Every year, right on schedule, this plant produced hundreds of blooms, tiny blossoms looking very much like miniature orchids -- ivory petals with red stamens -- an exciting and beautiful reminder of the season.
The year my mother died, it failed to bloom. I attributed that to my neglect. I hadn't fed or watered it as regularly as my mother, nor had I paid nearly as much homage to its beauty. Plants have feelings, too, I was to learn. This plant apparently went into mourning.
In addition, it apparently didn't like travel all that much, and had no intention of lowering its station to meet cowboy cacti like saguaro or agave.

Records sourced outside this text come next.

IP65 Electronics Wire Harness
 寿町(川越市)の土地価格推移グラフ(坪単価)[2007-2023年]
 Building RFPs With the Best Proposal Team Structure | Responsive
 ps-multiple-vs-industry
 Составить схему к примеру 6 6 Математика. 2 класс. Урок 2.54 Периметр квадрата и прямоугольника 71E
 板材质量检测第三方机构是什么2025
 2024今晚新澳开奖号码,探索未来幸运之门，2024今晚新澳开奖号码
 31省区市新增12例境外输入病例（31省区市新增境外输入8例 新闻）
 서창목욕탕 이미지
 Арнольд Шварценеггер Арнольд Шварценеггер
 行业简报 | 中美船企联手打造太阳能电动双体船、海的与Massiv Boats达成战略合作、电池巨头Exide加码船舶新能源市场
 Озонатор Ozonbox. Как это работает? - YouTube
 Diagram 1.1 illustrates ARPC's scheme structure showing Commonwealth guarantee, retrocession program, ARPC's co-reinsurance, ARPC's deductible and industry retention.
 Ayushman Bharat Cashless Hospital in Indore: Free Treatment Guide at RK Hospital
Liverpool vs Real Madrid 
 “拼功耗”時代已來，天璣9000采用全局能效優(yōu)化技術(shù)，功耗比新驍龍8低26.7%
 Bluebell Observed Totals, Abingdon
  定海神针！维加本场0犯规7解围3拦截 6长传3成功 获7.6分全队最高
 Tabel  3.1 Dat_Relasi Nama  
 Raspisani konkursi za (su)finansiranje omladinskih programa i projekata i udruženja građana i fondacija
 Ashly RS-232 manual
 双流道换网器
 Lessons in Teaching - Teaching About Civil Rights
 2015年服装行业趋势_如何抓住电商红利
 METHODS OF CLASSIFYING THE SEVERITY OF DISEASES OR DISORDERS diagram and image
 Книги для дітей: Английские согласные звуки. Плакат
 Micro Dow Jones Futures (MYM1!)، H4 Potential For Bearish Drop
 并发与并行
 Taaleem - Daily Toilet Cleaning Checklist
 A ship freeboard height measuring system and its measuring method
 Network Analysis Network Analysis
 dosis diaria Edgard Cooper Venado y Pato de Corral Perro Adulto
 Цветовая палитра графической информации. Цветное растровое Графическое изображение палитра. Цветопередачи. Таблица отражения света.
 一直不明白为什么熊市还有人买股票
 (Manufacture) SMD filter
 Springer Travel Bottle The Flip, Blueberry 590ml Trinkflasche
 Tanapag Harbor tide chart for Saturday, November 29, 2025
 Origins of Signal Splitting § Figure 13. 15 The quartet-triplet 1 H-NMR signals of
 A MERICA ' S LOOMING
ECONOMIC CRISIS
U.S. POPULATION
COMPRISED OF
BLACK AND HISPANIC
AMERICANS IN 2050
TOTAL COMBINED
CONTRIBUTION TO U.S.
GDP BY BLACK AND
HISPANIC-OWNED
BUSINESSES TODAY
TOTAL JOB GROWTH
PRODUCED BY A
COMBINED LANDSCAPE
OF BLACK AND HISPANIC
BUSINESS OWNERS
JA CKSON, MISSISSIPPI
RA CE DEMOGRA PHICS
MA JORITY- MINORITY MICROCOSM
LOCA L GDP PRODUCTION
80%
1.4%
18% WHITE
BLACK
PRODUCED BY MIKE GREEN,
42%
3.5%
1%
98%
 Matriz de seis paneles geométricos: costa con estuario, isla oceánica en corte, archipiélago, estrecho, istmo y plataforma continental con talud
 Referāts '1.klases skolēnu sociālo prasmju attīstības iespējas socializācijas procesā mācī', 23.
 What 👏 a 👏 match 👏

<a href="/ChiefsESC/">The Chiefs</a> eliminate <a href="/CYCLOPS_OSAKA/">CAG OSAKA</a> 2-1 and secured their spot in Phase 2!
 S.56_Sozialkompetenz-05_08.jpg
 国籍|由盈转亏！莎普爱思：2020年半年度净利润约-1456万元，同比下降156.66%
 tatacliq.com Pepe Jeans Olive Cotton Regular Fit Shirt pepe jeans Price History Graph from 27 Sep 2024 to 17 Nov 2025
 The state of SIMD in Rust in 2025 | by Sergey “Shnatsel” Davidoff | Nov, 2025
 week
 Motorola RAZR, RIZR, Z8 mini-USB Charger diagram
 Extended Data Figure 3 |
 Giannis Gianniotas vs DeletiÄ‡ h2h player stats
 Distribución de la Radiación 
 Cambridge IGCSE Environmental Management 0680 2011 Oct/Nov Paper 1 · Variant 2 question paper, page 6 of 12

For two years, it did not produce a bloom. An effete eastern cactus you might reasonably assume, except for the fact that last Christmas it seemed to want to come forth again in regal beauty, but was unsure of its surroundings. I think it attempted to get my attention, though. I could have sworn I heard a little casual humming of some seasonal tunes now and then. Oh, I noticed, all right. Several years of pampering and urging had gone unrequited. Now it wanted to bloom again? Fine.
But, I figured I needed to install some discipline. You know, let it know who is boss. "I give you all you need to bloom. You bloom," is what I said, but not with as much assurance as I would have liked. I could tell that this mandate went underappreciated. A few small buds appeared, then fell limply to the floor. "Here's your blooms," it seemed to say.
Well, I'm happy to report that all that is in the past. At present, we have mended our fences and come to an agreement. I have studied up on how to treat a Christmas Cactus with respect and how to encourage it to bloom. The plant, in turn, has never looked healthier. I am certain that this Christmas, it will become the talk of Payson. Perhaps it will be placed in the center of the town, or it may crown the roundabout.
It will bloom and bloom in such splendor and profusion the angels will weep. My sainted mother will look upon the scene with approval and appreciation. "Well done my good son," she will beam.
If not, look for it on "Trades and Sales," or in the desert among the saguaro and agave.